» **Task objective**
Starting with the line that contains "Audi: arriva la" and stopping after the line that contains "BCBG Eyelet Sleeveless Top. XS", return each line below exactly as written, with no others.

» **Records shown**

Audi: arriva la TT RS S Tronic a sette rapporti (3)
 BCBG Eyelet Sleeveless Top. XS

---

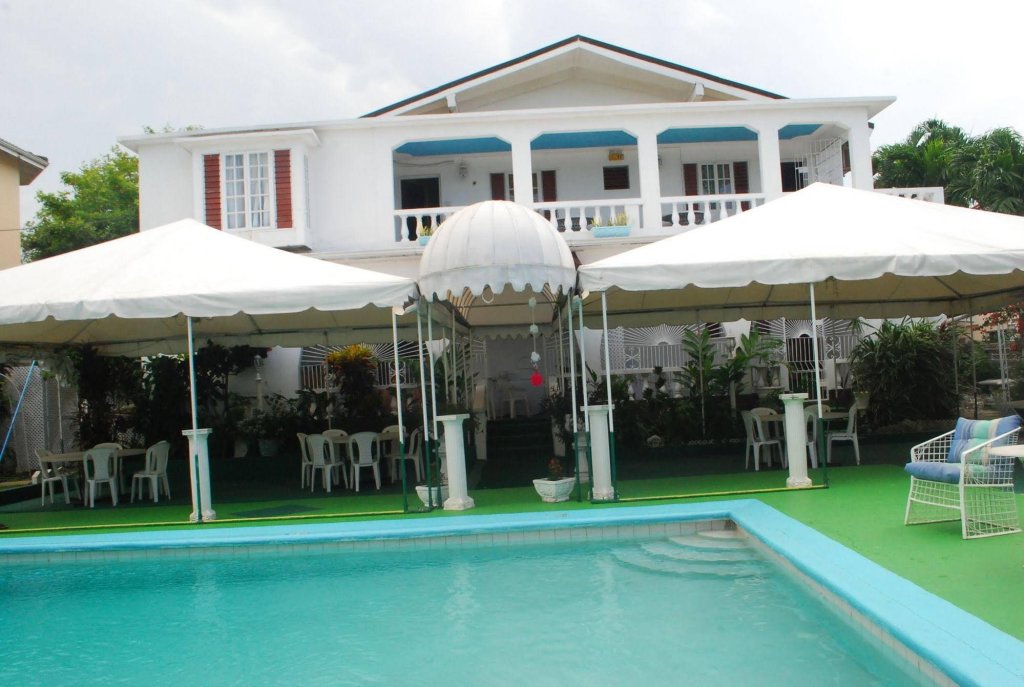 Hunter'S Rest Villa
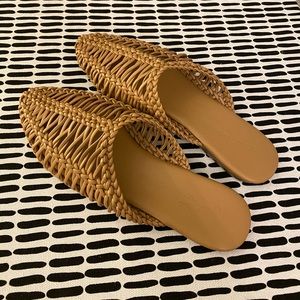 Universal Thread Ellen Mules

--

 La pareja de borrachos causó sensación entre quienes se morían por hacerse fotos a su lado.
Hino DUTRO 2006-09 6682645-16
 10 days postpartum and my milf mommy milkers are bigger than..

» **Solution for this exercise**
Audi: arriva la TT RS S Tronic a sette rapporti (3)
 BCBG Eyelet Sleeveless Top. XS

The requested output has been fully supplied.